Records for this exercise:
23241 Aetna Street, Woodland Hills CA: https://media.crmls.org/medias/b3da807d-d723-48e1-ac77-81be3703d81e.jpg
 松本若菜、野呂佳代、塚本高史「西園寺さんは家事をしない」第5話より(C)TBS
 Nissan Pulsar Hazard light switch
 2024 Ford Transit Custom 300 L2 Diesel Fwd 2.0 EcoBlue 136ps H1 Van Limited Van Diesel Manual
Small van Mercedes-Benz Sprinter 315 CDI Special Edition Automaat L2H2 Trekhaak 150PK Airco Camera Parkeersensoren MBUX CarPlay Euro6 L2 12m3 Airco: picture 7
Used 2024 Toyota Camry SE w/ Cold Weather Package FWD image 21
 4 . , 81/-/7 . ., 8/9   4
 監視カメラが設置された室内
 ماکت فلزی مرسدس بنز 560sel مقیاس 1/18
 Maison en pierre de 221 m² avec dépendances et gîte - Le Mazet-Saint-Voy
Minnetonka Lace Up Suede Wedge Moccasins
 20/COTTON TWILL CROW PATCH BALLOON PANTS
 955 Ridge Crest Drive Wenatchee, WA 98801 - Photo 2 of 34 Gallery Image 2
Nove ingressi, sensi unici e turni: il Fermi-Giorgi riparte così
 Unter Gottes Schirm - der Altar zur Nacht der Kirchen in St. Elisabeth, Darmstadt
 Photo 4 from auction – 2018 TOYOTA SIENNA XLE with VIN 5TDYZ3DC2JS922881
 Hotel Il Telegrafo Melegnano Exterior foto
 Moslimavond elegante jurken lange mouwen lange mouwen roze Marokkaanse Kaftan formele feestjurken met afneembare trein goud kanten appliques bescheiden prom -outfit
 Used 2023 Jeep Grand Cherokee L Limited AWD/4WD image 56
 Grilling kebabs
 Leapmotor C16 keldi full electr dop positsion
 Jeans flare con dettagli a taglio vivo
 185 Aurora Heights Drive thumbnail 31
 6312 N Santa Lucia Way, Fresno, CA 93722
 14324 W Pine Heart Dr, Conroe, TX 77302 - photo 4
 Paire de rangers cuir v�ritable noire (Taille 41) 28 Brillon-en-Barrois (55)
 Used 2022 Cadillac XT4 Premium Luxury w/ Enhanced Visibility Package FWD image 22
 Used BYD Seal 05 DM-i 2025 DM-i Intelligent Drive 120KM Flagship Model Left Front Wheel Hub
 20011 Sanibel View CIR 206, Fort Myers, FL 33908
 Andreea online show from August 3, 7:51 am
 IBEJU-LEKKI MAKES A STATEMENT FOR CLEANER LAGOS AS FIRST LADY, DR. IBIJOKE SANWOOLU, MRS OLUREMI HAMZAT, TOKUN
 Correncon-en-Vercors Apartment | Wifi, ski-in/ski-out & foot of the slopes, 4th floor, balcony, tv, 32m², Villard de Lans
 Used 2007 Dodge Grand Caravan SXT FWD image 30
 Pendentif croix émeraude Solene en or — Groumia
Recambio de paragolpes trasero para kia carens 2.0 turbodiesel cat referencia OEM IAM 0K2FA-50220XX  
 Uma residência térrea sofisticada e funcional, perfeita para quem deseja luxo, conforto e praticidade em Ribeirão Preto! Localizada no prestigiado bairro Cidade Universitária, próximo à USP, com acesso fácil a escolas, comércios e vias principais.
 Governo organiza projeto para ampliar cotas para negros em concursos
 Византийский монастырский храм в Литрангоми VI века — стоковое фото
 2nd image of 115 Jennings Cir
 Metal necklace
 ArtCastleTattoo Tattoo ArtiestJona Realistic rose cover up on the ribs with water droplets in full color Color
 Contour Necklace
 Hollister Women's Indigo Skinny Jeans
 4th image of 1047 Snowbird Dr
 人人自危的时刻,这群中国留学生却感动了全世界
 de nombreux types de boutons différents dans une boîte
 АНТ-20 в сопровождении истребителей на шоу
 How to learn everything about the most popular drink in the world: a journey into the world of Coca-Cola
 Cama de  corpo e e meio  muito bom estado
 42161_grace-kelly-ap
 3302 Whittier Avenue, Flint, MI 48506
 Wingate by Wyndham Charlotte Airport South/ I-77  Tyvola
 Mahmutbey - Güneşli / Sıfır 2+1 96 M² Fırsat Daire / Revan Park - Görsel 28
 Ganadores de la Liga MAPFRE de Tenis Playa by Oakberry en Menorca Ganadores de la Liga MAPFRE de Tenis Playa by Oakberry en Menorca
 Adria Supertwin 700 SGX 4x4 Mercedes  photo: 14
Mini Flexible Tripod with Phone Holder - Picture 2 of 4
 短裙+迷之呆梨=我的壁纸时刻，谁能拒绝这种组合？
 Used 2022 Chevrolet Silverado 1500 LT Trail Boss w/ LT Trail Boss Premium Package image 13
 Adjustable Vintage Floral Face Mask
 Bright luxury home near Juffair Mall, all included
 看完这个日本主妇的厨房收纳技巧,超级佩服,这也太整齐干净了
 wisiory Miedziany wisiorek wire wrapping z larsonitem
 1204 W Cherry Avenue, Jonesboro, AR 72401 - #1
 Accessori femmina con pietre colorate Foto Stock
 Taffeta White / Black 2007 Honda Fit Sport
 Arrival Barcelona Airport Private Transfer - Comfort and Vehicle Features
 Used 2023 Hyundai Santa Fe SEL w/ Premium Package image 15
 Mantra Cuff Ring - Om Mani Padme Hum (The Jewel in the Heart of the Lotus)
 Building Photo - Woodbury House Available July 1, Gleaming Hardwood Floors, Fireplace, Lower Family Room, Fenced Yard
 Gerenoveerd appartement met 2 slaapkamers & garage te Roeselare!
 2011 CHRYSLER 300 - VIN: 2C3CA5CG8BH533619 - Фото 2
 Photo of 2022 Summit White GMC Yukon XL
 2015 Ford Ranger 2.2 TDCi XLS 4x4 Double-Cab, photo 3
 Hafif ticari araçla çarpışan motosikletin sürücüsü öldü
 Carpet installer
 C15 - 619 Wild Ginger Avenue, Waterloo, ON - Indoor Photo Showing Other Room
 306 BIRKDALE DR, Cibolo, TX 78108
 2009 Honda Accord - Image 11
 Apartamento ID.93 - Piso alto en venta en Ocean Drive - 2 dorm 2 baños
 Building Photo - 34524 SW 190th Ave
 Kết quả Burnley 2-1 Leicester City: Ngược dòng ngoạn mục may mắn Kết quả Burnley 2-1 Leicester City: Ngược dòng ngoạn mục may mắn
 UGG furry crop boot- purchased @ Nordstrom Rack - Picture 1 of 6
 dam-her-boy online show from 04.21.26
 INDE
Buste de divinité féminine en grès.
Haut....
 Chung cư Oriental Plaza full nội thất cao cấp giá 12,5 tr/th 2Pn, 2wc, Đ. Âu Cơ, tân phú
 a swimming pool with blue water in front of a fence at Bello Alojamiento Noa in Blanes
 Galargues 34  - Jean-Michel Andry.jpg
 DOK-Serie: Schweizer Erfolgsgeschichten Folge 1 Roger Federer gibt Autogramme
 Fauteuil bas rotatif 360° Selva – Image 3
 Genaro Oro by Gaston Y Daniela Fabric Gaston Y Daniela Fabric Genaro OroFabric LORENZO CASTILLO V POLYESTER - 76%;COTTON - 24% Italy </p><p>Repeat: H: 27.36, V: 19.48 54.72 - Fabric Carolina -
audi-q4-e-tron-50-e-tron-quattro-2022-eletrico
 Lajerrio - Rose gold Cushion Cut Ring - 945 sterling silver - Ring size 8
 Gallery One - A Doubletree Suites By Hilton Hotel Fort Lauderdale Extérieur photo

Task description:
Your answer should be an exact transcription of the data above.

Exercise answer:
23241 Aetna Street, Woodland Hills CA: https://media.crmls.org/medias/b3da807d-d723-48e1-ac77-81be3703d81e.jpg
 松本若菜、野呂佳代、塚本高史「西園寺さんは家事をしない」第5話より(C)TBS
 Nissan Pulsar Hazard light switch
 2024 Ford Transit Custom 300 L2 Diesel Fwd 2.0 EcoBlue 136ps H1 Van Limited Van Diesel Manual
Small van Mercedes-Benz Sprinter 315 CDI Special Edition Automaat L2H2 Trekhaak 150PK Airco Camera Parkeersensoren MBUX CarPlay Euro6 L2 12m3 Airco: picture 7
Used 2024 Toyota Camry SE w/ Cold Weather Package FWD image 21
 4 . , 81/-/7 . ., 8/9   4
 監視カメラが設置された室内
 ماکت فلزی مرسدس بنز 560sel مقیاس 1/18
 Maison en pierre de 221 m² avec dépendances et gîte - Le Mazet-Saint-Voy
Minnetonka Lace Up Suede Wedge Moccasins
 20/COTTON TWILL CROW PATCH BALLOON PANTS
 955 Ridge Crest Drive Wenatchee, WA 98801 - Photo 2 of 34 Gallery Image 2
Nove ingressi, sensi unici e turni: il Fermi-Giorgi riparte così
 Unter Gottes Schirm - der Altar zur Nacht der Kirchen in St. Elisabeth, Darmstadt
 Photo 4 from auction – 2018 TOYOTA SIENNA XLE with VIN 5TDYZ3DC2JS922881
 Hotel Il Telegrafo Melegnano Exterior foto
 Moslimavond elegante jurken lange mouwen lange mouwen roze Marokkaanse Kaftan formele feestjurken met afneembare trein goud kanten appliques bescheiden prom -outfit
 Used 2023 Jeep Grand Cherokee L Limited AWD/4WD image 56
 Grilling kebabs
 Leapmotor C16 keldi full electr dop positsion
 Jeans flare con dettagli a taglio vivo
 185 Aurora Heights Drive thumbnail 31
 6312 N Santa Lucia Way, Fresno, CA 93722
 14324 W Pine Heart Dr, Conroe, TX 77302 - photo 4
 Paire de rangers cuir v�ritable noire (Taille 41) 28 Brillon-en-Barrois (55)
 Used 2022 Cadillac XT4 Premium Luxury w/ Enhanced Visibility Package FWD image 22
 Used BYD Seal 05 DM-i 2025 DM-i Intelligent Drive 120KM Flagship Model Left Front Wheel Hub
 20011 Sanibel View CIR 206, Fort Myers, FL 33908
 Andreea online show from August 3, 7:51 am
 IBEJU-LEKKI MAKES A STATEMENT FOR CLEANER LAGOS AS FIRST LADY, DR. IBIJOKE SANWOOLU, MRS OLUREMI HAMZAT, TOKUN
 Correncon-en-Vercors Apartment | Wifi, ski-in/ski-out & foot of the slopes, 4th floor, balcony, tv, 32m², Villard de Lans
 Used 2007 Dodge Grand Caravan SXT FWD image 30
 Pendentif croix émeraude Solene en or — Groumia
Recambio de paragolpes trasero para kia carens 2.0 turbodiesel cat referencia OEM IAM 0K2FA-50220XX  
 Uma residência térrea sofisticada e funcional, perfeita para quem deseja luxo, conforto e praticidade em Ribeirão Preto! Localizada no prestigiado bairro Cidade Universitária, próximo à USP, com acesso fácil a escolas, comércios e vias principais.
 Governo organiza projeto para ampliar cotas para negros em concursos
 Византийский монастырский храм в Литрангоми VI века — стоковое фото
 2nd image of 115 Jennings Cir
 Metal necklace
 ArtCastleTattoo Tattoo ArtiestJona Realistic rose cover up on the ribs with water droplets in full color Color
 Contour Necklace
 Hollister Women's Indigo Skinny Jeans
 4th image of 1047 Snowbird Dr
 人人自危的时刻,这群中国留学生却感动了全世界
 de nombreux types de boutons différents dans une boîte
 АНТ-20 в сопровождении истребителей на шоу
 How to learn everything about the most popular drink in the world: a journey into the world of Coca-Cola
 Cama de  corpo e e meio  muito bom estado
 42161_grace-kelly-ap
 3302 Whittier Avenue, Flint, MI 48506
 Wingate by Wyndham Charlotte Airport South/ I-77  Tyvola
 Mahmutbey - Güneşli / Sıfır 2+1 96 M² Fırsat Daire / Revan Park - Görsel 28
 Ganadores de la Liga MAPFRE de Tenis Playa by Oakberry en Menorca Ganadores de la Liga MAPFRE de Tenis Playa by Oakberry en Menorca
 Adria Supertwin 700 SGX 4x4 Mercedes  photo: 14
Mini Flexible Tripod with Phone Holder - Picture 2 of 4
 短裙+迷之呆梨=我的壁纸时刻，谁能拒绝这种组合？
 Used 2022 Chevrolet Silverado 1500 LT Trail Boss w/ LT Trail Boss Premium Package image 13
 Adjustable Vintage Floral Face Mask
 Bright luxury home near Juffair Mall, all included
 看完这个日本主妇的厨房收纳技巧,超级佩服,这也太整齐干净了
 wisiory Miedziany wisiorek wire wrapping z larsonitem
 1204 W Cherry Avenue, Jonesboro, AR 72401 - #1
 Accessori femmina con pietre colorate Foto Stock
 Taffeta White / Black 2007 Honda Fit Sport
 Arrival Barcelona Airport Private Transfer - Comfort and Vehicle Features
 Used 2023 Hyundai Santa Fe SEL w/ Premium Package image 15
 Mantra Cuff Ring - Om Mani Padme Hum (The Jewel in the Heart of the Lotus)
 Building Photo - Woodbury House Available July 1, Gleaming Hardwood Floors, Fireplace, Lower Family Room, Fenced Yard
 Gerenoveerd appartement met 2 slaapkamers & garage te Roeselare!
 2011 CHRYSLER 300 - VIN: 2C3CA5CG8BH533619 - Фото 2
 Photo of 2022 Summit White GMC Yukon XL
 2015 Ford Ranger 2.2 TDCi XLS 4x4 Double-Cab, photo 3
 Hafif ticari araçla çarpışan motosikletin sürücüsü öldü
 Carpet installer
 C15 - 619 Wild Ginger Avenue, Waterloo, ON - Indoor Photo Showing Other Room
 306 BIRKDALE DR, Cibolo, TX 78108
 2009 Honda Accord - Image 11
 Apartamento ID.93 - Piso alto en venta en Ocean Drive - 2 dorm 2 baños
 Building Photo - 34524 SW 190th Ave
 Kết quả Burnley 2-1 Leicester City: Ngược dòng ngoạn mục may mắn Kết quả Burnley 2-1 Leicester City: Ngược dòng ngoạn mục may mắn
 UGG furry crop boot- purchased @ Nordstrom Rack - Picture 1 of 6
 dam-her-boy online show from 04.21.26
 INDE
Buste de divinité féminine en grès.
Haut....
 Chung cư Oriental Plaza full nội thất cao cấp giá 12,5 tr/th 2Pn, 2wc, Đ. Âu Cơ, tân phú
 a swimming pool with blue water in front of a fence at Bello Alojamiento Noa in Blanes
 Galargues 34  - Jean-Michel Andry.jpg
 DOK-Serie: Schweizer Erfolgsgeschichten Folge 1 Roger Federer gibt Autogramme
 Fauteuil bas rotatif 360° Selva – Image 3
 Genaro Oro by Gaston Y Daniela Fabric Gaston Y Daniela Fabric Genaro OroFabric LORENZO CASTILLO V POLYESTER - 76%;COTTON - 24% Italy </p><p>Repeat: H: 27.36, V: 19.48 54.72 - Fabric Carolina -
audi-q4-e-tron-50-e-tron-quattro-2022-eletrico
 Lajerrio - Rose gold Cushion Cut Ring - 945 sterling silver - Ring size 8
 Gallery One - A Doubletree Suites By Hilton Hotel Fort Lauderdale Extérieur photo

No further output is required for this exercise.